Pollywog, Stilts & Salt Water Taffy Trust Fund Money To Enter Political Fray


The Turley Sisters are out to make it a competitive race!

When it was announced recently that Cylde and Rebecca Hundsinger, the billionaire ultra conservatives behind ALLIED ACME Industries, were deciding on which nonhuman presidential candidate to back with their Super PAC, another power group surfaced with its own Super PAC ideas.

The Turley Sisters of Tulsa, Oklahoma, who are listed in the nation’s top 100 wealthiest families, have decided to form a Super PAC because “they don’t trust that liberal Hudsinger couple to do right by God-fearin’ folks. They dress in far too revealing a manner and appear to have no earthly control over their ravenous libidos. The Hudsingers shant taint the political waters with their wantonness ways,” said a Turley family spokesperson.

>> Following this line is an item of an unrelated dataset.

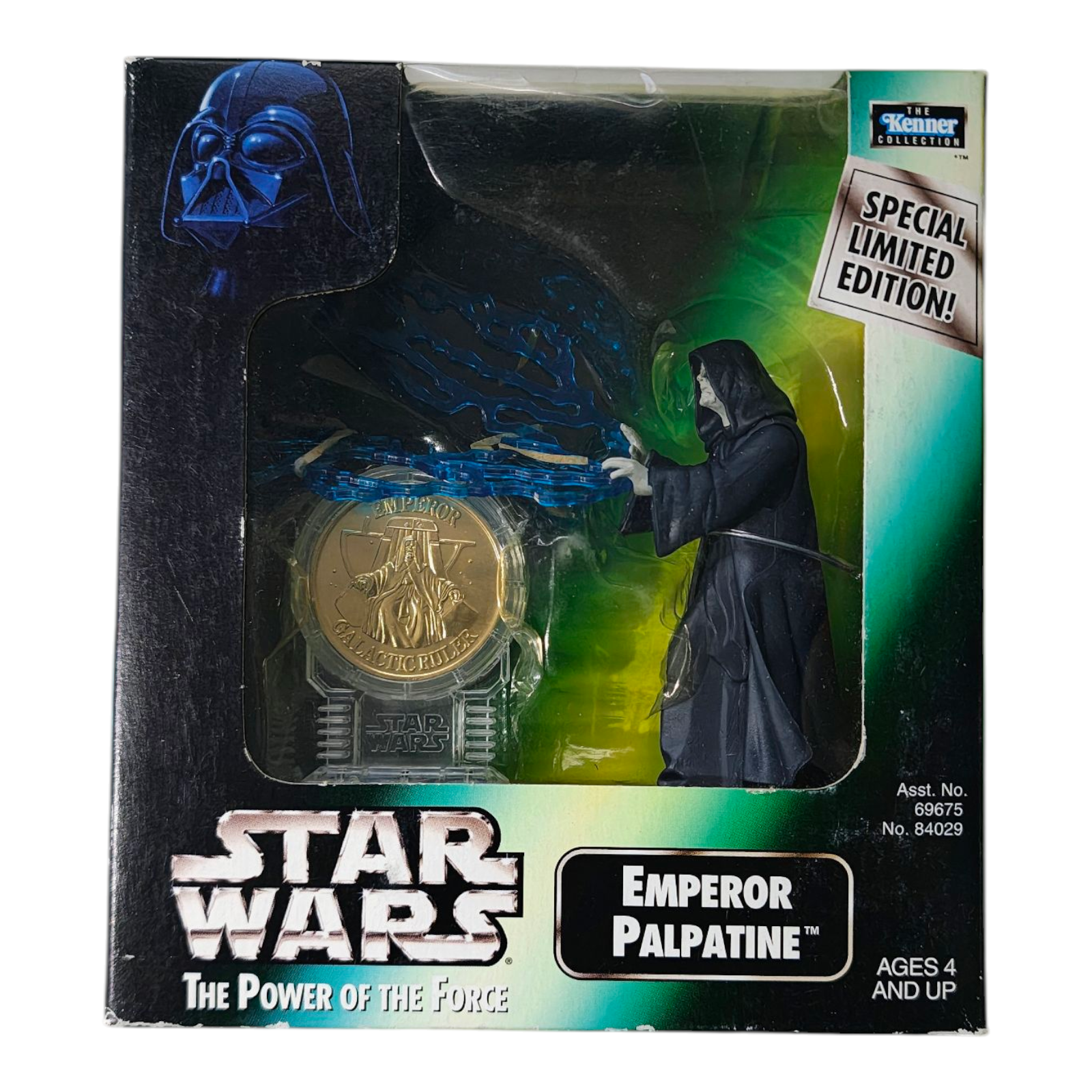 Emperor Palpatine - Figura con medalla Special Limited Edition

The Turly fortune was made by great grandfather Augustus Turley who revolutionized retail with his Turly Pollywog, Stilts & Saltwater Taffy Emporium in 1892. His retail empire spread like wildfire on fire and soon every American city with a population over 10 had a Turley Emporium. With a fortune amassed, the Turley empire eventually crumbled as Americans lost interest in baby frogs, height enhancing sticks and salty confections.

“The Turley family has always believed in good clean living,” said a spokesperson, “and the Turley Sisters will not allow political libertines like Cylde and Rebecca Hundsinger to pollute the purity of our nation’s soul.”

It is rumored the Turley Sisters are holding extensive interviews with all nonhuman candidates before deciding on where to put their Super PAC money support.


19 responses to “Pollywog, Stilts & Salt Water Taffy Trust Fund Money To Enter Political Fray”

  1. There used to be a Turley Emporium in my hometown. We had a winning basketball team for years and years because the smallest of our small children learned how to walk on Turley stilts from the day they started walking. By the time they reached high school, the smallest person on our basketball team stood 6’5″. The tallest was 7’3″. The only problem with the stilts was that people who could use them proficiently frequently used them to peer into windows around town at night. They not only learned too much about what should have been kept secret, they occasionally frightened the bejeezus out of little old ladies who had no secrets, other than ones they’d forgotten years earlier due to senility.

  2. I suppose every American family has a similar fond Turley Emporium story.

    It was a sad day for tailors when America lost its appetite for stilts. Suddenly there was no need for the 218″ inseam alteration. Also, a sad for peeping toms of second stories.

    Alas, our nation lost its innocence when we had to resort to cherry pickers for our second story gawking.

    Thanks for relating your tear-worthy tale, Curvin.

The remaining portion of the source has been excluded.